The Dawgs led the league in attendance again in the 2016 Season with 76,571, an average of 3,329 people per game.

“Our goal is to catch and surpass them, we want to continue to build this movement into an unstoppable force,” said Cassidy.

The Prospects saw 38,266 fans in the 2016 season. An average of 1,820 per game.  They have some work to do, although they are up to the challenge.

Edmonton Eskimos running back Calvin McCarty, Prospects volunteer Shawn Green and Rick Bronson MC at the first Fund raising Gala for the Edmonton WMBL team. 

Edmonton Eskimos running back Calvin McCarty, Prospects volunteer Shawn Green and Rick Bronson MC at the first Fund raising Gala for the Edmonton WMBL team. 

Throughout the evening attendees were invited to bid on silent auction items ranging from Edmonton Oilers and Edmonton Eskimos memorabilia to Toronto Blue Jays and Calgary Flames items.
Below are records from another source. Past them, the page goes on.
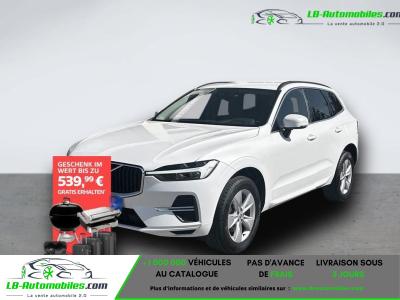 Volvo XC60 B4 AWD 197 ch BVA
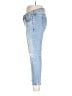 Torrid Hearts Blue Jeans Size 12 - photo 5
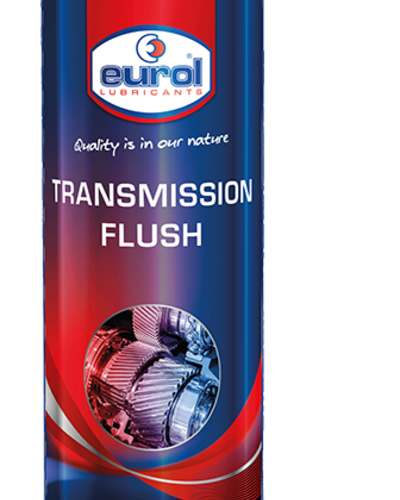 Eurol Transmission Flush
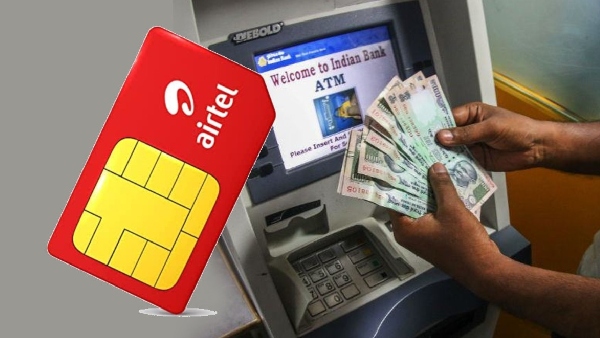 2 வாரத்தில் OTP க்கு செக்.. பேங்க் அக்கவுண்ட் Airtel நம்பர் லிங்க்?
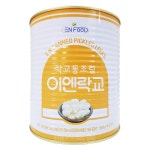 이엔푸드 이엔 락교 3.2kg [1개] - 에누리 가격비교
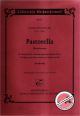 Titelbild für COPP 12004-01 - PASTORELLA (HIRTENKANTATE)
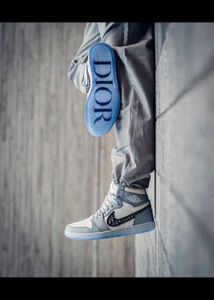 Dior *Nike Shoes For Women In Sale New Stock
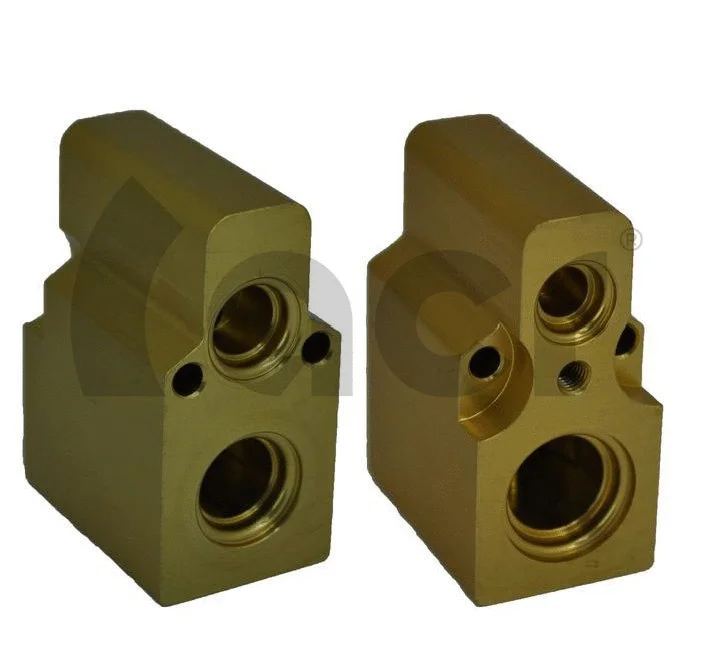 Expansion Valve, air conditioning (121018)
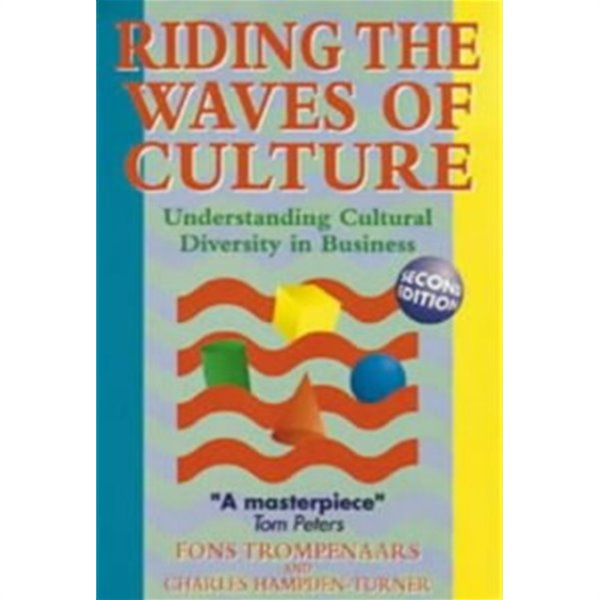 Riding the Waves of Culture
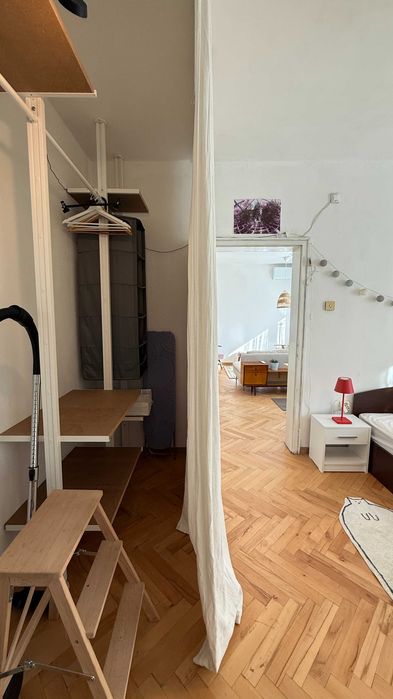 Дава се под наем Двустаен апартамент в Пловдив, Център - 62 кв.м за 453.39 € - Снимка #6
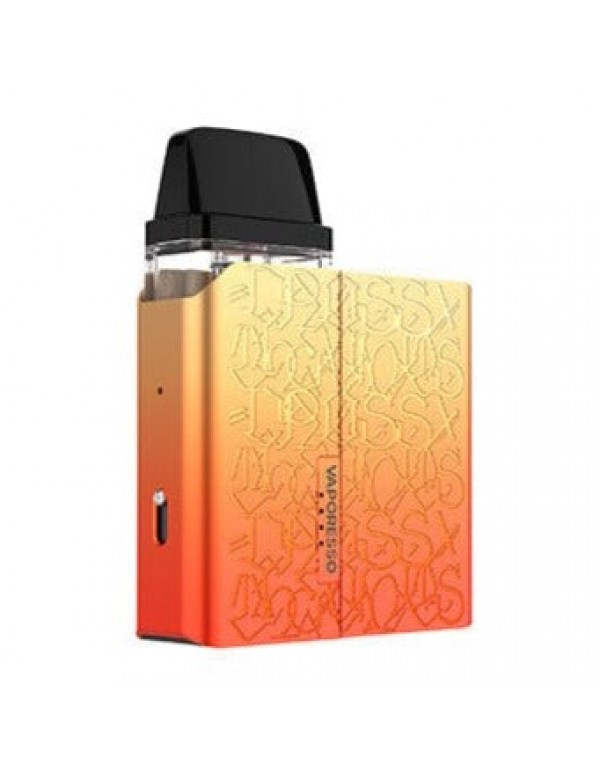 Vaporesso XROS Nano *Artist Edition* Pod Kit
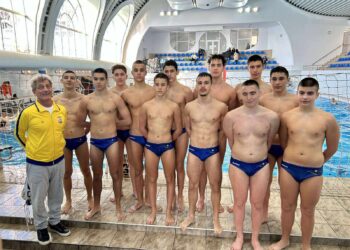 „Комодор” спечели визи за „Елит” и при 13, и 17-годишните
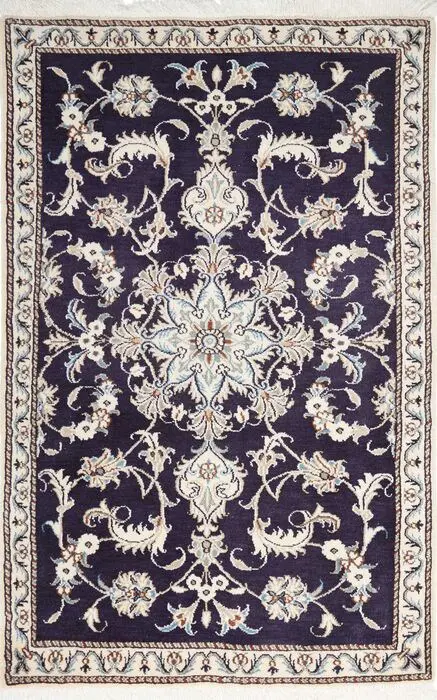 Nain - Tapijt - 137 cm - 88 cm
Guest speaker Gregg Zaun even threw in his four season tickets to a regular season game with on field BP and a live viewing of the Sporstnet broadcast.  It fetched $3,600 towards the cause. Zaun entertained guests, which included a couple members of the Edmonton Eskimos football team, with a slew of anecdotes from his career.

Al Coates, left,  moderated a Hot Stove panel with Orv Franchuk and Jays broadcaster Gregg Zaun.

Al Coates, left,  moderated a Hot Stove panel with Orv Franchuk and Jays broadcaster Gregg Zaun.

Zaun also hosted a Hot Stove style panel with Orv Franchuk moderated by the voice of baseball in Edmonton, Al Coates. Franchuk was a scout for the Cinciannti Reds, hitting coach for the Edmonton Trappers and manager for the Vancouver Canadians to name a few stops. He was also a coach for the Canadian National Team at the 1978 World Cup, the 1981 Intercontinental Cup and the 2007 World Cup.

With its history in baseball well over 100 years old and the enthusiasm of Cassidy, Edmonton is headed in the proper direction.